Something I’ve wondered for a while is, how bad does a child’s physical living space have to be for them to be removed? Especially if it isn’t “bad” but rather just small or cluttered.
Example: A friend of mine lives in a large (maybe 1800 or so square feet) double-wide mobile home. In that home lives my friend, her wife, their four children, and my friend’s mother. The home was originally 3 bedrooms but they added a fourth by dividing up one of the living rooms. So the elderly mother has her own room, my friend and her wife share a room with the baby, the next two oldest (4 and 5, I think) share a room, and the oldest kid (a teenager) has his own room. There’s still a big kitchen, two living rooms, two big bathrooms, a proper laundry room and storage room,and a usable dining room. It’s not a tiny house.
The house is old and suffers from mold around the windows and the back door. They keep it scrubbed but it tends to creep back in the winter. The problem, according to a handyman friend of theirs, is that the brick supports the house sits on have settled a bit over the years, causing the window frames to be out of true just enough to let water in. Same with the back door. To really fix it the house needs to be re-leveled and the windows & back door replaced.

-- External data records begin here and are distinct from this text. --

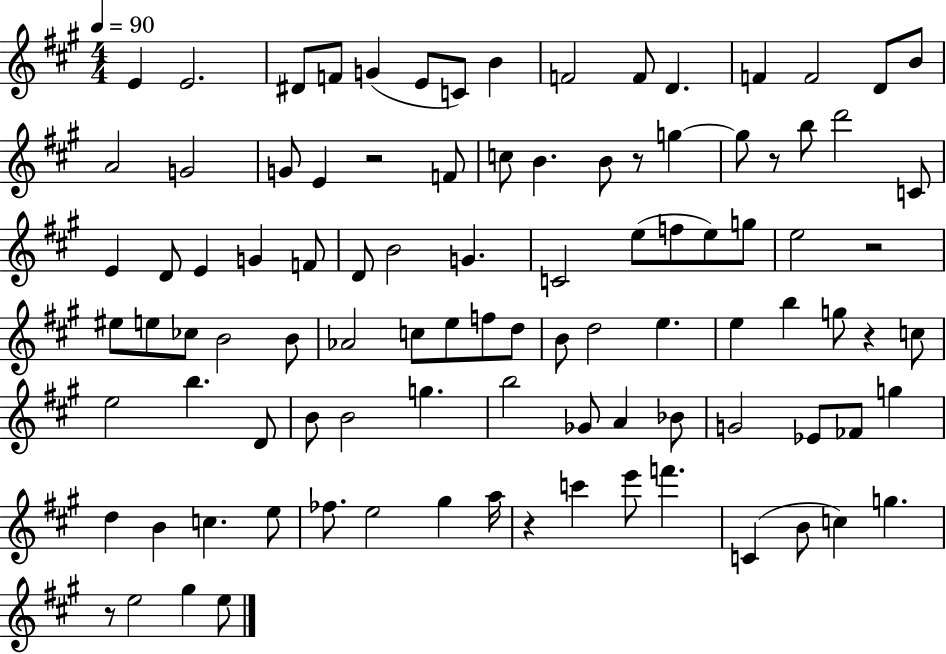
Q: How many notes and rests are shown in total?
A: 98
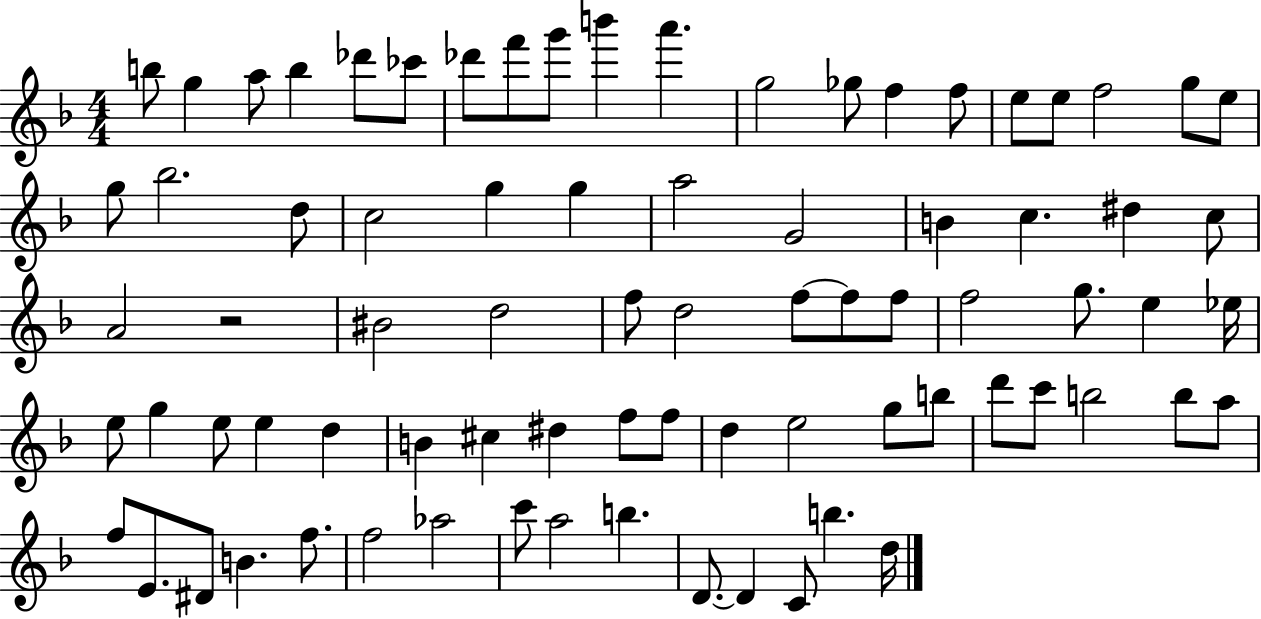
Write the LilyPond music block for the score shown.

{
  \clef treble
  \numericTimeSignature
  \time 4/4
  \key f \major
  b''8 g''4 a''8 b''4 des'''8 ces'''8 | des'''8 f'''8 g'''8 b'''4 a'''4. | g''2 ges''8 f''4 f''8 | e''8 e''8 f''2 g''8 e''8 | \break g''8 bes''2. d''8 | c''2 g''4 g''4 | a''2 g'2 | b'4 c''4. dis''4 c''8 | \break a'2 r2 | bis'2 d''2 | f''8 d''2 f''8~~ f''8 f''8 | f''2 g''8. e''4 ees''16 | \break e''8 g''4 e''8 e''4 d''4 | b'4 cis''4 dis''4 f''8 f''8 | d''4 e''2 g''8 b''8 | d'''8 c'''8 b''2 b''8 a''8 | \break f''8 e'8. dis'8 b'4. f''8. | f''2 aes''2 | c'''8 a''2 b''4. | d'8.~~ d'4 c'8 b''4. d''16 | \break \bar "|."
}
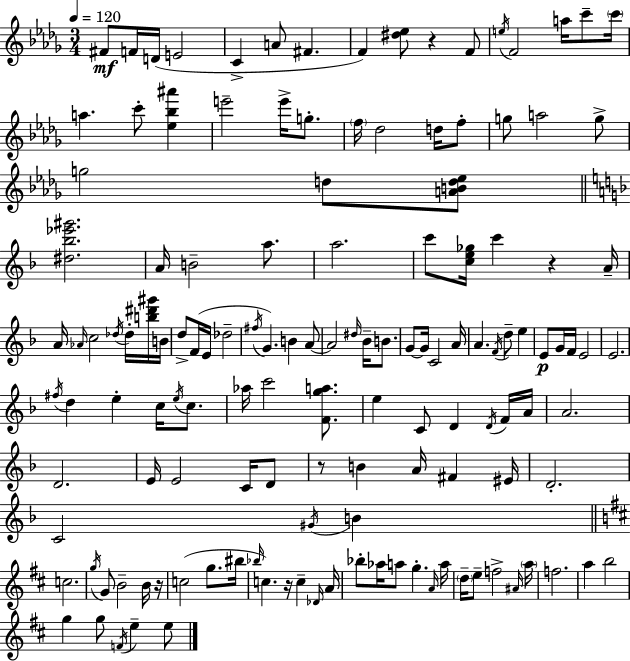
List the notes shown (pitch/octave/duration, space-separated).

F#4/e F4/s D4/s E4/h C4/q A4/e F#4/q. F4/q [D#5,Eb5]/e R/q F4/e E5/s F4/h A5/s C6/e C6/s A5/q. C6/e [Eb5,Bb5,A#6]/q E6/h E6/s G5/e. F5/s Db5/h D5/s F5/e G5/e A5/h G5/e G5/h D5/e [A4,B4,D5,Eb5]/e [D#5,Bb5,Eb6,G#6]/h. A4/s B4/h A5/e. A5/h. C6/e [C5,E5,Gb5]/s C6/q R/q A4/s A4/s Ab4/s C5/h Db5/s Db5/s [B5,D#6,G#6]/s B4/s D5/e F4/s E4/s Db5/h F#5/s G4/q. B4/q A4/e A4/h D#5/s Bb4/s B4/e. G4/e G4/s C4/h A4/s A4/q. F4/s D5/e E5/q E4/e G4/s F4/s E4/h E4/h. F#5/s D5/q E5/q C5/s E5/s C5/e. Ab5/s C6/h [F4,G5,A5]/e. E5/q C4/e D4/q D4/s F4/s A4/s A4/h. D4/h. E4/s E4/h C4/s D4/e R/e B4/q A4/s F#4/q EIS4/s D4/h. C4/h G#4/s B4/q C5/h. G5/s G4/e B4/h B4/s R/s C5/h G5/e. BIS5/s Bb5/s C5/q. R/s C5/q Db4/s A4/s Bb5/e Ab5/s A5/e G5/q. A4/s A5/s D5/s E5/e F5/h A#4/s A5/s F5/h. A5/q B5/h G5/q G5/e F4/s E5/q E5/e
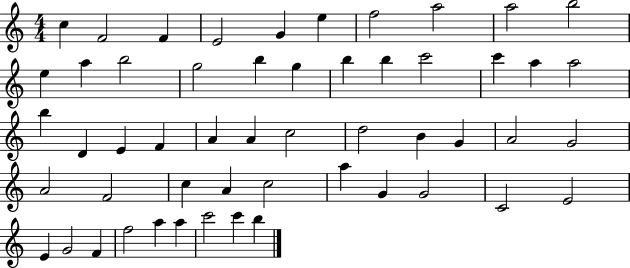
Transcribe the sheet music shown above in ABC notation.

X:1
T:Untitled
M:4/4
L:1/4
K:C
c F2 F E2 G e f2 a2 a2 b2 e a b2 g2 b g b b c'2 c' a a2 b D E F A A c2 d2 B G A2 G2 A2 F2 c A c2 a G G2 C2 E2 E G2 F f2 a a c'2 c' b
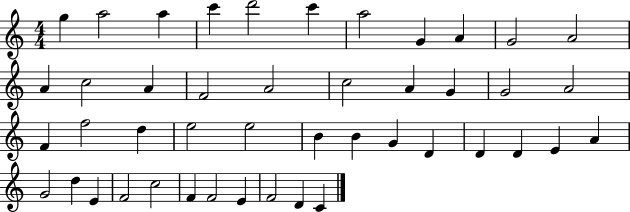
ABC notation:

X:1
T:Untitled
M:4/4
L:1/4
K:C
g a2 a c' d'2 c' a2 G A G2 A2 A c2 A F2 A2 c2 A G G2 A2 F f2 d e2 e2 B B G D D D E A G2 d E F2 c2 F F2 E F2 D C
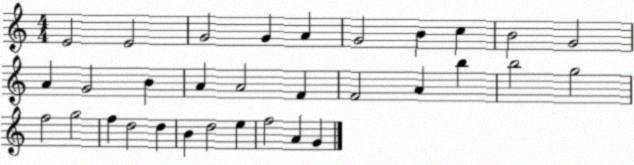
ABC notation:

X:1
T:Untitled
M:4/4
L:1/4
K:C
E2 E2 G2 G A G2 B c B2 G2 A G2 B A A2 F F2 A b b2 g2 f2 g2 f d2 d B d2 e f2 A G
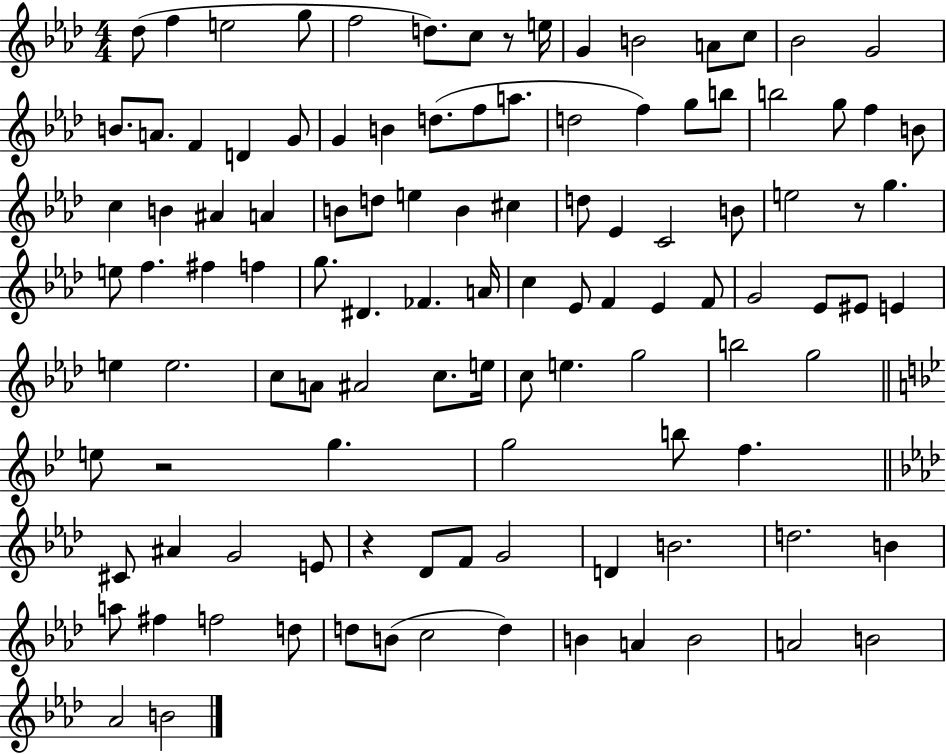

Here’s the kicker: they refuse to do it not because of the cost or time involved but because they are absolutely terrified that if they call a proper contractor to come do the work (which would likely be needed, a handyman wouldn’t cut it), the contractor will call CPS and have the kids taken away for… reasons? I asked why she was afraid of CPS and she had a whole list of reasons: the house is filthy, the kids don’t have their own rooms, too many people living under one roof, a conservative town hates lesbian mothers… the list goes on. The house isn’t huge but it is adequate at least until the baby is big enough to need her own room. There are toys scattered about but not filth and dirt—the house is messy but not dirty. All the plumbing and electrical systems work, a good furnace keeps it warm in the winter, and the bathrooms are clean and usable… it’s a pretty normal home. As for the window issues, well that’s why the contractor would be there. Right now I think the leaks are more of an annoyance than a danger.
On the same spectrum but much worse is a sort of friend-of-a-friend. I heard from my friend that this person lives in a tiny (maybe 800sq ft) 2 bedroom home where there are also 7 people living… three adults (one of which is pregnant) and 4 children. The oldest adult has one bedroom, the other two adults (including the pregnant woman) sleep in cots in the corner of the dining room, two children share the second bedroom, the other two sleep on couches in the living room. Again, the house is safe and warm and clean, just way way too small for everyone who has to live there. Apparently she also lives in fear of CPS.
Anyway, I have no idea how realistic their fears are. So I guess my question is, when does living conditions cross the line into “take the kid out of here now”? This assumes no abuse or other signs of neglect. The kids are healthy and well-fed and go to school and come home to a warm home… it just happens to be just a small or cluttered house with not enough bedrooms to go around.